Readers may have noticed by now that I have a cheap but serviceable digital camera that I’ve been using to take pictures which occasionally show up here on the blog. (Hey, there’s another thing that the External Deliverer, in Its benevolence, might bring me: a nicer digital camera.)

I’ve been playing with geolocation for a while now. Just recently, I started also doing some crude playing with High Dynamic Range digital photography. It’s obviously going to take me some work to get it figured out and get better results, but what I’m getting so far doesn’t look too bad, at least in my own opinion. Kind of surreal, like Mars Rover pictures…

I’ve discovered that my Handy-Dandy Linux box has access to a couple of tools that make these easy.

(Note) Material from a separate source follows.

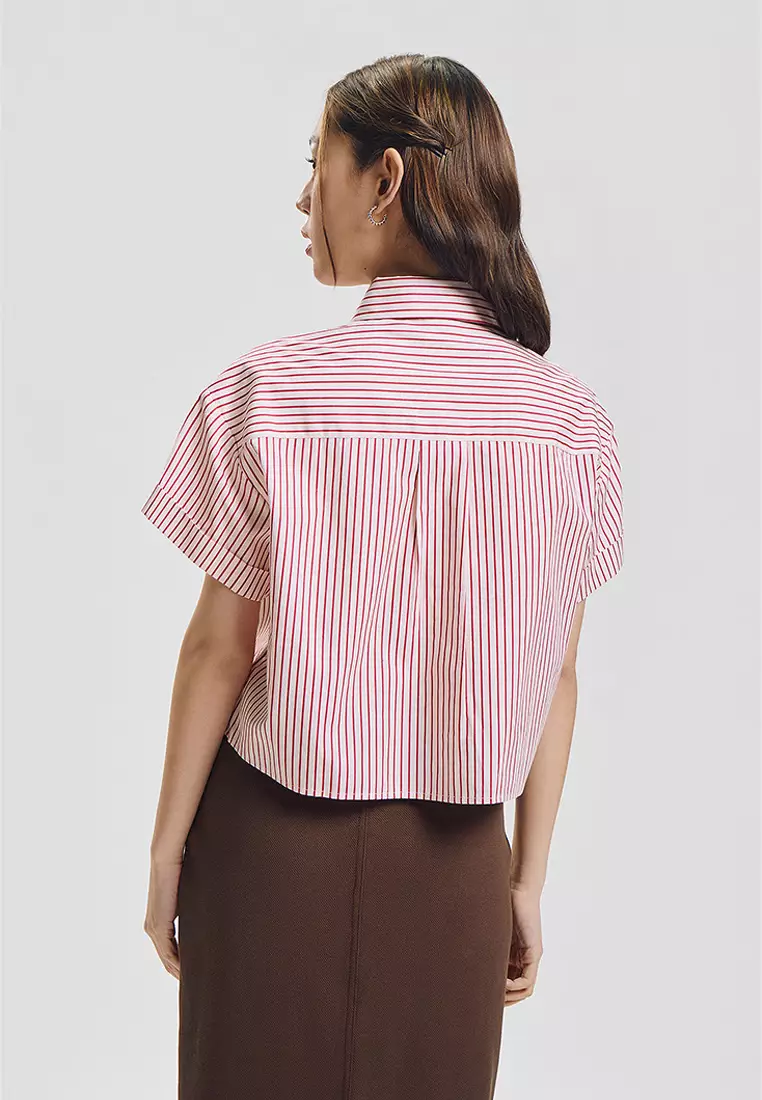 Stripes Cropped Short Sleeves Button Down Top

I noticed a few days ago that digiKam is actually able to read .gpx format files downloaded from my GPS and then correlate the track from the GPS with the timestamps on the photos automatically, so in what little spare time I have I’ve been going back through my archives of GPS tracks and timestamped photos and trying to find as many to correlate as I can. I managed to get geolocation tagged into pictures from as long ago as three years or so. I also tagged this more recent one. I saw this place half a decade ago and had been wondering if it was still there. Last week we finally had a chance to visit and sure enough, it was there. If you were wondering where one could go to learn to do the Squirrel Dance, here it is.

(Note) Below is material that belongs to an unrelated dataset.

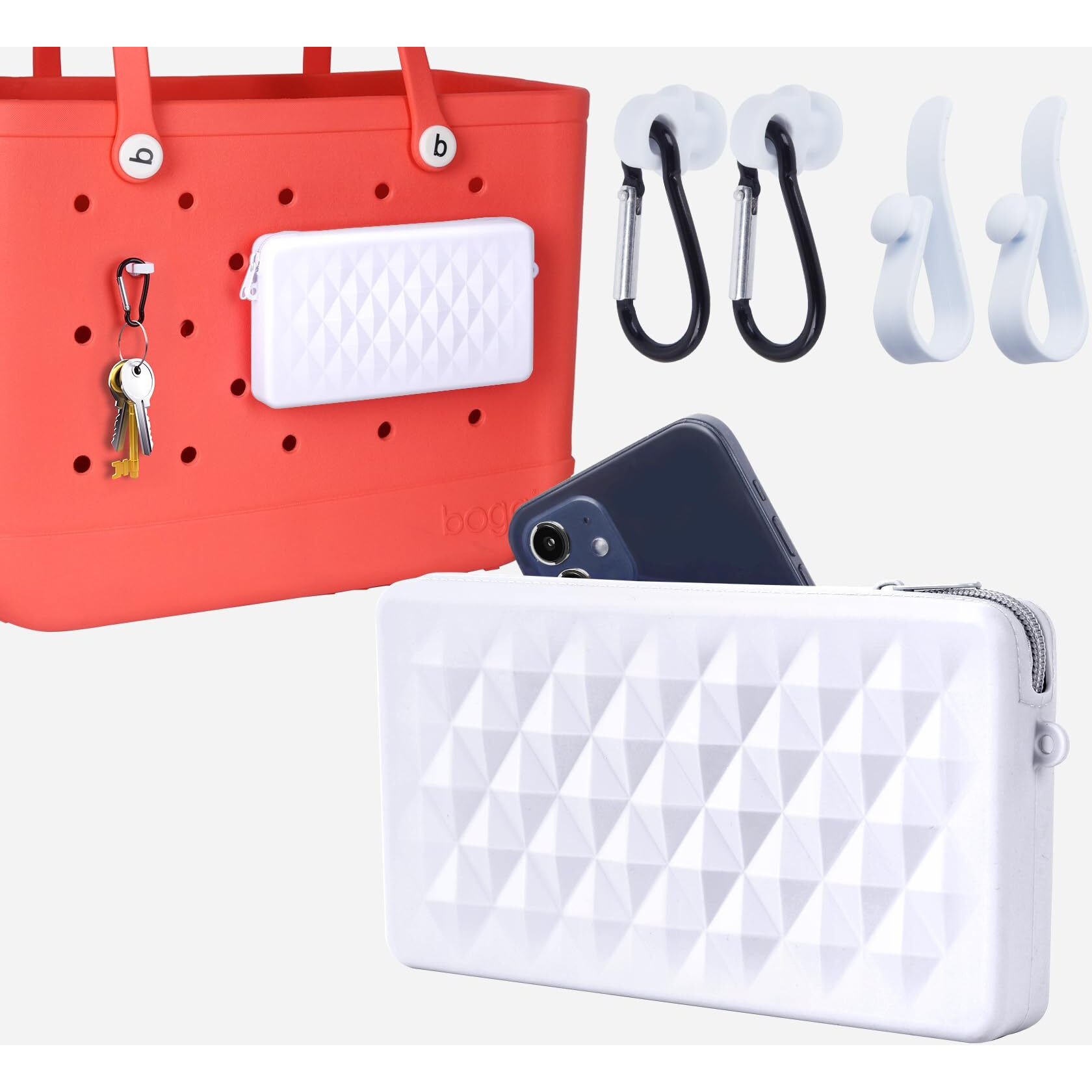 Raymall Silicone Pouch For Bogg Bag Accessories, Universal Phone Holder For Bogg Bag, Zipper Pouch Fits Simple Modern Beach Tote L/Xl, Zipper Wallet Pocket With 4 Key Hooks White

Landscape and Sign:Don't Trespass on the 'I'

Today after classes I trudged up to the top of the hill at one corner of the campus with my trusty GPS in hand and took a few pictures, as you can tell. Since Google Earth seems to get most of it’s photos from Panoramio, I’ve started uploading them there. I may also get around to uploading them to flickr one of these days, too. I kind of need some pleasant distraction – I’m starting to hit the “Am I there yet???” phase of the semester. Just another week-and-a-half of classes, then finals, then I’m finally done. At least with the undergraduate stuff.

If you’re bored, there are a couple of additional pictures on the Panoramio site, here. You can also get the ICBM address there, and a .kml file for Google Earth so my pictures will pop up if you happen to run past an area where one of them is while you’re browsing the globe.